The Treasurer in 1518, the man who found the money (a third of it his own), was Sir Thomas Lovell, whose arms are on the right. He also makes an appearance in Shakespeare’s King Henry VIII. And it was during a performance of the play in 1613 at the Globe Theatre (built in 1599) that a cannon used during the opening scene set fire to the thatched roof. The wooden building quickly burnt to the ground but there is no record of casualties. Although rebuilt two years later, with a tiled roof, it was finally closed by the Puritans in 1642 and demolished two years later.
The records of Lincoln’s Inn only survive back to 1422 but it is thought to be almost a century older. The word ‘Inn’ was also applied to large houses, usually with a hall, used by groups of important people such as churchmen and lawyers when in town on business. Since they had a large amount of little-used space, they provided useful accommodation for impoverished law students who were learning their trade by attending court. Some 20 Inns became associated with lawyers and eventually starting offering lessons, with the four present major Inns of Court becoming established: Lincoln’s Inn, Inner Temple, Middle Temple and Gray’s Inn. Other Inns became known as the Inns of Chancery.

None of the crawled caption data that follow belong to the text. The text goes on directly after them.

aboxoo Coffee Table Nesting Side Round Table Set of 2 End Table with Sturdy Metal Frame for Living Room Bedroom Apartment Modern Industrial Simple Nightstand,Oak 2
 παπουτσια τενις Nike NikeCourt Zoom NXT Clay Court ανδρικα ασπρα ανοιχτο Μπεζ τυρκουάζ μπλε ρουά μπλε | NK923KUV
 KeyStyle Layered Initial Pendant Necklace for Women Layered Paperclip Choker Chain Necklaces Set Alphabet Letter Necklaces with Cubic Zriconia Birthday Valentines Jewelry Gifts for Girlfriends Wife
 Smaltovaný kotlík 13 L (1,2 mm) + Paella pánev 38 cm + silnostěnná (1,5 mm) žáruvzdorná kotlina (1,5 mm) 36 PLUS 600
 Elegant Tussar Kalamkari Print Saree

DID YOU KNOW: Lincoln’s Inn Field is the largest public square in London and was once used for executions. The most notorious was Anthony Babington, a Roman Catholic found guilty of trying to assassinate the Protestant Queen Elizabeth I and replace her with Mary Queen of Scots, her Catholic cousin.
Found guilty of treason in 1586, Babington’s death with six others by being hung, drawn and quartered was so awful that Queen Elizabeth ordered a second group of seven conspirators to be merely hung until dead. Perhaps that is the origin of the expression ‘hung by the neck until dead’? It is actually an act of mercy, as opposed to being hung, drawn and quartered, when you were taken down once unconscious, revived, then gutted etc as memorably portrayed by Mel Gibson in Braveheart.
The Babington Plot led directly to Mary’s own execution for treason a few months afterwards. She was beheaded – a more merciful death reserved for royalty. Her death was one of the factors that prompted King Philip of Spain to launch the Spanish Armada – an attempted invasion of England in 1588. Ironically, on the death of the childless Elizabeth in 1603, Mary’s son, King James of Scotland, became King of England anyway – which, as mentioned above, did away with the version of the Royal Arms shown. A lot of history on one gatehouse.